AutoGen vs Semantic Kernel
A detailed side-by-side comparison of AutoGen and Semantic Kernel, covering features, pricing, performance, integrations, and verified user reviews. Last updated March 2026.
Overview
AutoGen
Microsoft's multi-agent framework for building conversational AI systems, this open-source platform revolutionizes workflow automation by enabling developers to create sophisticated AI-powered applications without prohibitive costs. AutoGen provides a powerful foundation for constructing complex conversational systems where multiple AI agents collaborate intelligently to solve problems, automate tasks, and enhance business processes. By eliminating the need for expensive proprietary solutions, this framework democratizes access to advanced AI capabilities, allowing organizations of all sizes to leverage cutting-edge multi-agent technology for their automation needs. The platform delivers comprehensive features designed for seamless agent collaboration and workflow orchestration. AutoGen enables customizable agent creation with flexible communication patterns, supports integration with various language models and external tools, and provides robust debugging capabilities for monitoring agent interactions. Users benefit from built-in conversation management, sophisticated task handling mechanisms, and the ability to define complex workflows where agents coordinate efforts to achieve specific objectives. The framework's architecture supports both synchronous and asynchronous agent operations, ensuring flexibility across diverse automation scenarios. Organizations and developers choose AutoGen for its combination of accessibility, power, and community support. Enterprise teams appreciate the open-source model that ensures transparency and cost-effectiveness, while technical developers value the framework's extensibility and comprehensive documentation. The platform serves businesses seeking to automate complex workflows, research institutions exploring multi-agent systems, and enterprises looking to build custom conversational AI solutions without vendor lock-in. AutoGen enables rapid development cycles and innovative applications in customer service automation, internal process optimization, and intelligent task delegation across organizational boundaries.
Visit website →
Semantic Kernel
This powerful open-source SDK from Microsoft enables developers to seamlessly integrate large language models with custom plugins and intelligent planners, creating sophisticated AI-driven workflow automation solutions. By bridging the gap between LLM capabilities and enterprise applications, it provides a unified framework for building agents that can reason, plan, and execute complex tasks autonomously. The platform streamlines the process of connecting AI models to business logic, allowing organizations to leverage cutting-edge language technologies within their existing infrastructure without proprietary lock-in. The toolkit offers comprehensive features including plugin orchestration, allowing developers to connect diverse data sources and business applications directly to AI models. It includes multiple planning strategies that enable agents to break down complex objectives into executable steps, advanced memory management for maintaining context across interactions, and seamless integration with popular language model providers. The SDK supports multiple programming languages, making it accessible to diverse development teams while maintaining consistency across platforms and deployments. Organizations choose this solution for its flexibility, enterprise-grade reliability, and active community support backed by Microsoft's resources. It appeals to enterprises seeking to automate knowledge work without vendor dependency, developers building production-grade AI applications, and teams wanting to extend their existing systems with intelligent capabilities. The open-source nature fosters innovation and transparency, while comprehensive documentation and examples accelerate implementation timelines. Companies can reduce development costs while maintaining full control over their AI infrastructure and workflows.

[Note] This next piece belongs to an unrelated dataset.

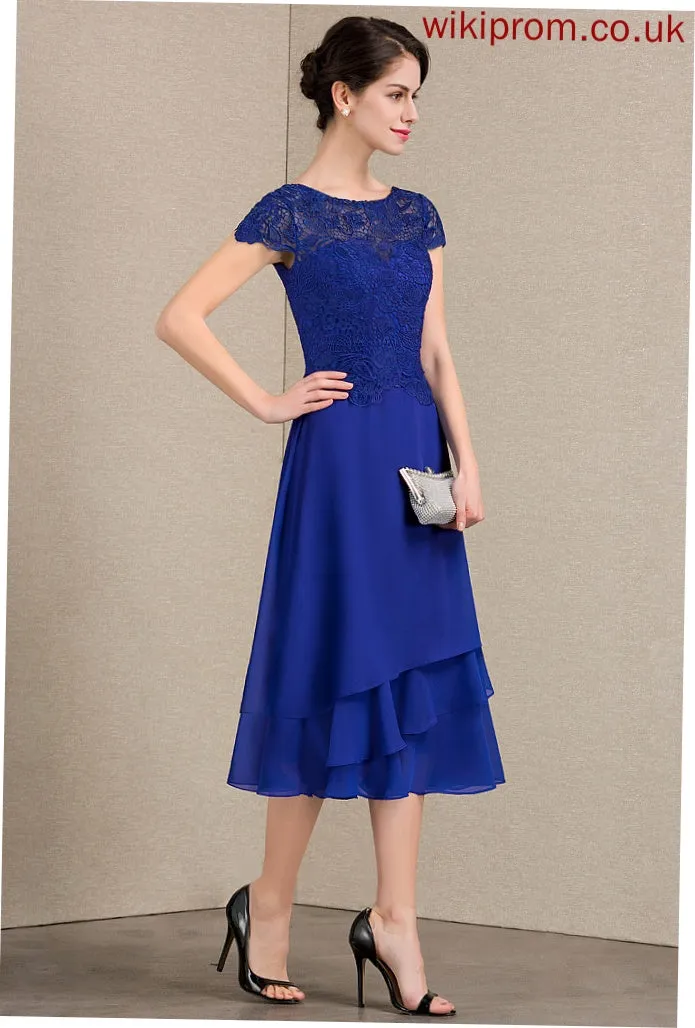 Dress Lorena Scoop Bride Chiffon Mother the Mother of the Bride Dresses Lace Tea-Length Neck of A-Line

Visit website →Feature Comparison
| Feature | AutoGen | Semantic Kernel |
|---|---|---|
| Category | Workflow Automation | Workflow Automation |
| Pricing Model | Open Source | Open Source |
| Starting Price | Free | Free |
| Free / Open Source | ||
| GitHub Stars | 36,000 | 23,000 |
| Verified |
Verdict
Semantic Kernel takes the lead with a higher AgentScore (8.3 vs 7.8). However, the best choice depends on your specific requirements, budget, and use case. We recommend trying both tools before making a decision.
Switching Between AutoGen and Semantic Kernel
Since both AutoGen and Semantic Kernel operate in the Workflow Automation space, migrating between them is a common consideration. Key factors to evaluate before switching:
- Data portability — can you export your data from one and import into the other?
- Integration overlap — check if both support the platforms your team relies on
- Pricing transition — compare contract terms, especially if you're mid-subscription
- Learning curve — factor in team retraining time and workflow adjustments
- Feature parity — verify that your must-have features exist in the target tool
Explore Alternatives
FAQ
- Is AutoGen better than Semantic Kernel?
- AutoGen has an AgentScore of 7.8/10 compared to Semantic Kernel's 8.3/10. Semantic Kernel scores higher overall, but the best choice depends on your specific needs and budget.
- Which is cheaper, AutoGen or Semantic Kernel?
- AutoGen pricing: Free (Open Source). Semantic Kernel pricing: Free (Open Source). Compare features alongside price to find the best value for your use case.
- What category are AutoGen and Semantic Kernel in?
- Both AutoGen and Semantic Kernel are in the Workflow Automation category, making them direct competitors.